A comprehensive database was assembled for the Sacramento, San Joaquin, and Santa Ana Basins in California on nutrient concentrations, flows, and point and nonpoint sources of nutrients for 1975–2004. Most of the data on nutrient concentrations (nitrate, ammonia, total nitrogen, orthophosphate, and total phosphorus) were from the U.S. Geological Survey’s National Water Information System database (35.2 percent), the California Department of Water Resources (21.9 percent), the University of California at Davis (21.6 percent), and the U.S. Environmental Protection Agency’s STOrage and RETrieval database (20.0 percent).

Point-source discharges accounted for less than 1 percent of river flows in the Sacramento and San Joaquin Rivers, but accounted for close to 80 percent of the nonstorm flow in the Santa Ana River. Point sources accounted for 4 and 7 percent of the total nitrogen and total phosphorus loads, respectively, in the Sacramento River at Freeport for 1985–2004. Point sources accounted for 8 and 17 percent of the total nitrogen and total phosphorus loads, respectively, in the San Joaquin River near Vernalis for 1985–2004. The volume of wastewater discharged into the Santa Ana River increased almost three-fold over the study period. However, due to improvements in wastewater treatment, the total nitrogen load to the Santa Ana River from point sources in 2004 was approximately the same as in 1975 and the total phosphorus load in 2004 was less than in 1975. Nonpoint sources of nutrients estimated in this study included atmospheric deposition, fertilizer application, manure production, and tile drainage. The estimated dry deposition of nitrogen exceeded wet deposition in the Sacramento and San Joaquin Valleys and in the basin area of the Santa Ana Basin, with ratios of dry to wet deposition of 1.7, 2.8, and 9.8, respectively. Fertilizer application increased appreciably from 1987 to 2004 in all three California basins, although manure production increased in the San Joaquin Basin but decreased in the Sacramento and Santa Ana Basins from 1982 to 2002. Tile drainage accounted for 22 percent of the total nitrogen load in the San Joaquin River near Vernalis for 1985–2004.

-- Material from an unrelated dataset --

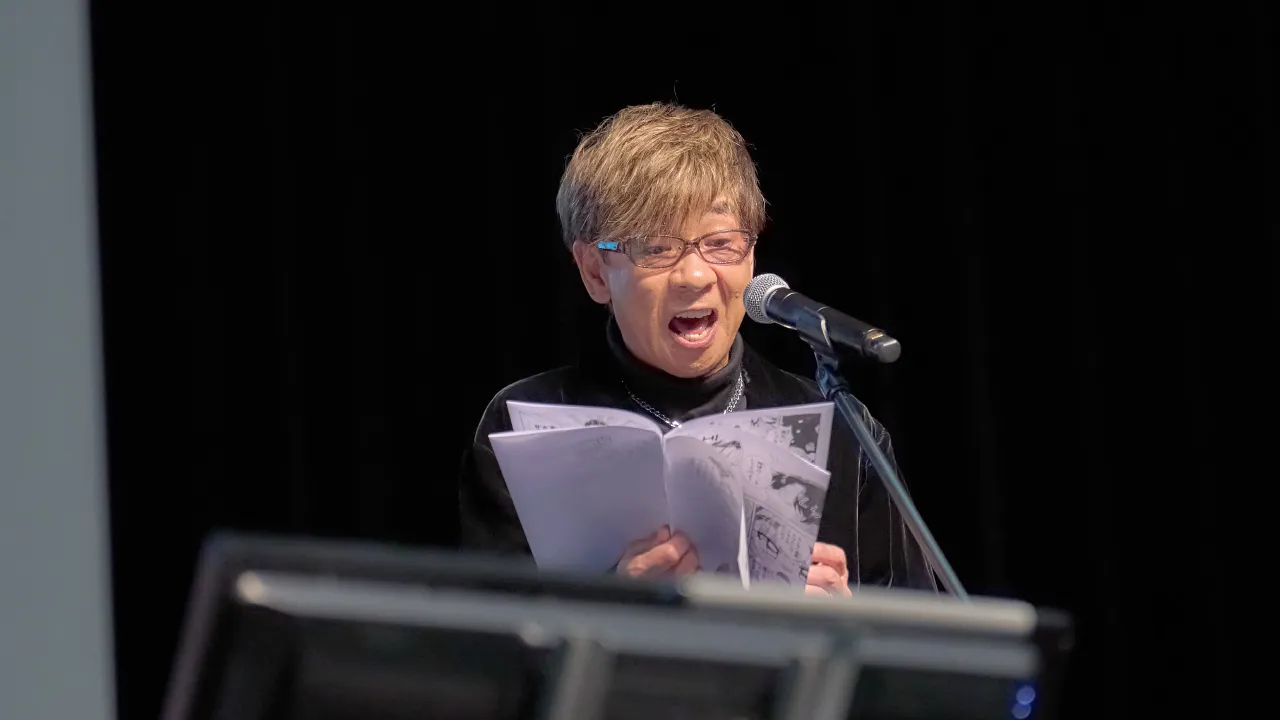 学生とアテレコをする山寺さん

Nutrient loads and trends were calculated by using the log-linear multiple-regression model, LOADEST. Loads were calculated for water years 1975–2004 for 22 sites in the Sacramento Basin, 15 sites in the San Joaquin Basin, and 6 sites in the Santa Ana Basin. The average annual load of total nitrogen and total phosphorus for 1985–2004 in subbasins in the Sacramento and San Joaquin Basins were divided by their drainage areas to calculate average annual yield. Total nitrogen yields were greater than 2.45 tons per square mile per year [(tons/mi2)/yr] in about 61 percent of the valley floor in the San Joaquin Basin compared with only about 12 percent of the valley floor in the Sacramento Basin. Total phosphorus yields were greater than 0.34 (tons/mi2)/yr in about 43 percent of the valley floor in the San Joaquin Basin compared with only about 5 percent in the valley floor of the Sacramento Basin. In a stepwise multiple linear-regression analysis of 30 subbasins in the Sacramento and San Joaquin Basins, the most important explanatory variables (out of 11 variables) for the response variable (total nitrogen yield) were the percentage of land use in (1) orchards and vineyards, (2) row crops, and (3) urban categories. For total phosphorus yield, the most important explanatory variable was the amount of fertilizer application plus manure production.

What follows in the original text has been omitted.